I drive my little hatchback to Bentley Brisbane and am soon in the driver’s seat of a 2014 Bentley GTC V8 – with the top down. After some instruction on how to use the keyless technology, and how to put the top up and down (it takes just the press of a button and 25 seconds), I’m all set for the road. But not without signing some paperwork, in which I agree (among other things) to never leave it on a public street overnight. It also informs me the car is fitted with a tracking device (at first I think this is in case of theft, but later wonder if it’s to ensure I bring it back).
Before setting out, I take a shot of the steering wheel and post it on Facebook. I’m completely unprepared for the following and response I’ll get over the next few days – particularly from my male friends. When I dare to post an image of sunrise over beautiful Kingscliff beach, my friend Kevin comments: “Sunrise pppffffttt….show me the Bentley again!”
And soon I see why. Within a couple of kilometres, I’m hooked on this luxury car. The leather seats are, as my passenger later says, “like comfortable armchairs”. If it’s cold, there’s a little heating vent at the back of your neck to keep you cosy, as well as heating in the bottom of the seats. We don’t need it; the sky is blue, the wind light.
But it’s the sound of the engine that really gets me. To me, it’s a purr…that deepens to a low throaty growl when I accelerate. I enjoy stopping, just so I can hear that when we take off again…
Another friend, who’s more used to road-testing cars than I am, tells me: “It’s like the first time you fly first class; it’s very hard to go back. Your (own car) might be a bit harder to love from here on in.” And I suspect she’s right.
I sail down the freeway with the top down. At the Gold Coast, I pick up photographer Richard “Tommy” Campion, who has taken the images on this page. Then we’re off to the Tweed Valley where the landscapes lend themselves to some great shots of the car, and I enjoy negotiating the smaller, curving roads away from the highway.
I never quite get used to the idea that the car will self-lock when I walk away from it with the key. And never get tired of watching the smoothness with which the top goes up and down (and yes, it did rain from time to time).
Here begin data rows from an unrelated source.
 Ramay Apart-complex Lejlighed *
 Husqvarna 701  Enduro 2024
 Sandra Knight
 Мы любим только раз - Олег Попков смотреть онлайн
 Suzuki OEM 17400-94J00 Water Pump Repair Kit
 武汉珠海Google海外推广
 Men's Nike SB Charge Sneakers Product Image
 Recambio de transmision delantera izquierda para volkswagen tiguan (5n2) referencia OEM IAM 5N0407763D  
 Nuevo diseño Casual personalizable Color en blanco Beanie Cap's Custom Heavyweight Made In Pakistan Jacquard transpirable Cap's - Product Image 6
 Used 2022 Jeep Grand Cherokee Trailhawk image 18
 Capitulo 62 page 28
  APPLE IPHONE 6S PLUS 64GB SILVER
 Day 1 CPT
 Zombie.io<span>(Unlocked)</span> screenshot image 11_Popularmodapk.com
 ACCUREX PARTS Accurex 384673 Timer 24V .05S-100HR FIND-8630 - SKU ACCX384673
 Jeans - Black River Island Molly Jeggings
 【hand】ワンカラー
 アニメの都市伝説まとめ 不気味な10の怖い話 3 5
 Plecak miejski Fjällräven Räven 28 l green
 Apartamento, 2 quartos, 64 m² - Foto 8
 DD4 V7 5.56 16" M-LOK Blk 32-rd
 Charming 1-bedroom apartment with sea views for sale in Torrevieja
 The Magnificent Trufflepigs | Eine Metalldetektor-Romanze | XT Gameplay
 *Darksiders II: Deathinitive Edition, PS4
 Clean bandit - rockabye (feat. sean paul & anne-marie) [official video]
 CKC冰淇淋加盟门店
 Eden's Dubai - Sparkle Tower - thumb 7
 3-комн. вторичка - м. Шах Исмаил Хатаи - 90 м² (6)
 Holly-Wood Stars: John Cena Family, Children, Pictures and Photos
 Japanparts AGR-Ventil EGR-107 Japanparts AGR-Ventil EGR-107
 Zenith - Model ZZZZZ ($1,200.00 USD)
Wherever we go, the Bentley is the object of admiration. But it’s all good-natured and I’m never tempted to pretend the car is mine for more than a moment….until the very end of the trip, when we’re parked on the Gold Coast foreshore and I’m posing for some photos. A power-walking couple pause and the woman says: “Can I ask you a question? What is this colour called?”
I know the answer. “It’s called ‘Breeze’,” I say.
“Oh, I thought so – just the same as mine!” she replies. “Isn’t it a wonderful car?”
“Yes. Yes, it is!” Just this once, I’ll let the implied ownership stay right there, hanging in the conversation. The couple smile the smile of conspirators in good fortune and walk on.
Each day as I post photos of our travels on Facebook, the responses flow back. Everyone, it seems is smitten and I’m the envy of my friends. And it seems to say it all when I drop my companion off at the end of the trip, and the Bentley bonnet gets a kiss goodbye before I do!
I understand completely. By the end of three days, I’m a convert. There’s just one thing standing between me and ownership of a Bentley GTC V8: the small matter of $498,444.